Material for the task -
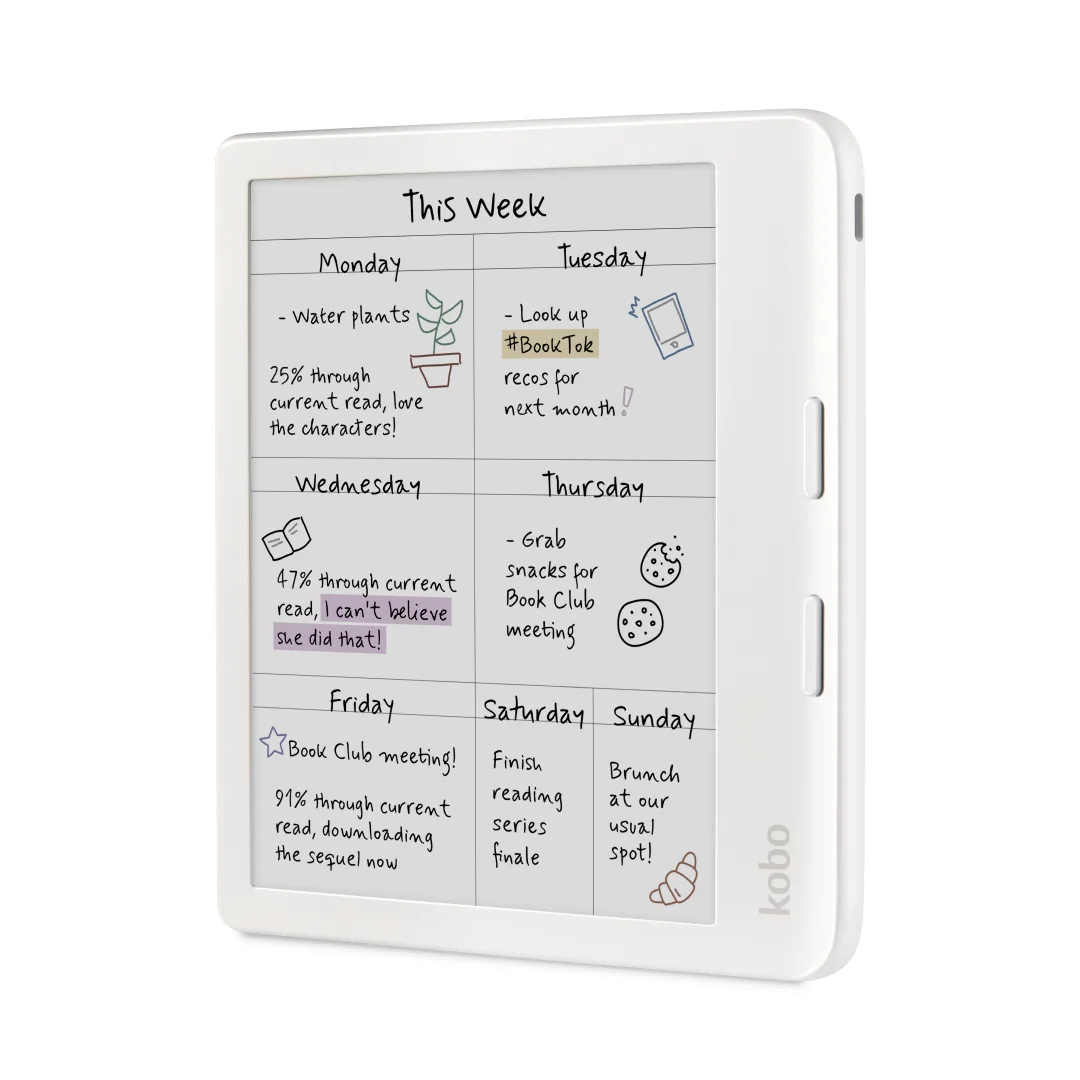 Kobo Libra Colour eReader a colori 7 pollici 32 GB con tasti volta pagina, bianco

---

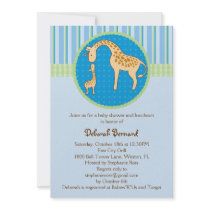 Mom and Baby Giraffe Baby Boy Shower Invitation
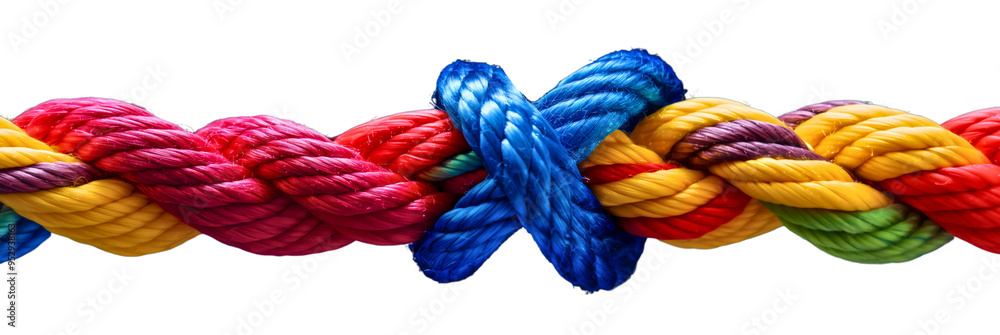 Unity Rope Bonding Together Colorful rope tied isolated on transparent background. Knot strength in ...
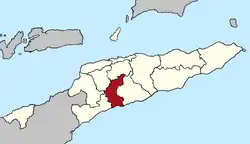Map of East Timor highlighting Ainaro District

Task description -
Every line above in the stretch from the one with "Unity Rope Bonding" through the one with "Map of East" is to be transcribed exactly, ends included. No picture is copied.

Answer -
 Unity Rope Bonding Together Colorful rope tied isolated on transparent background. Knot strength in ...
Map of East Timor highlighting Ainaro District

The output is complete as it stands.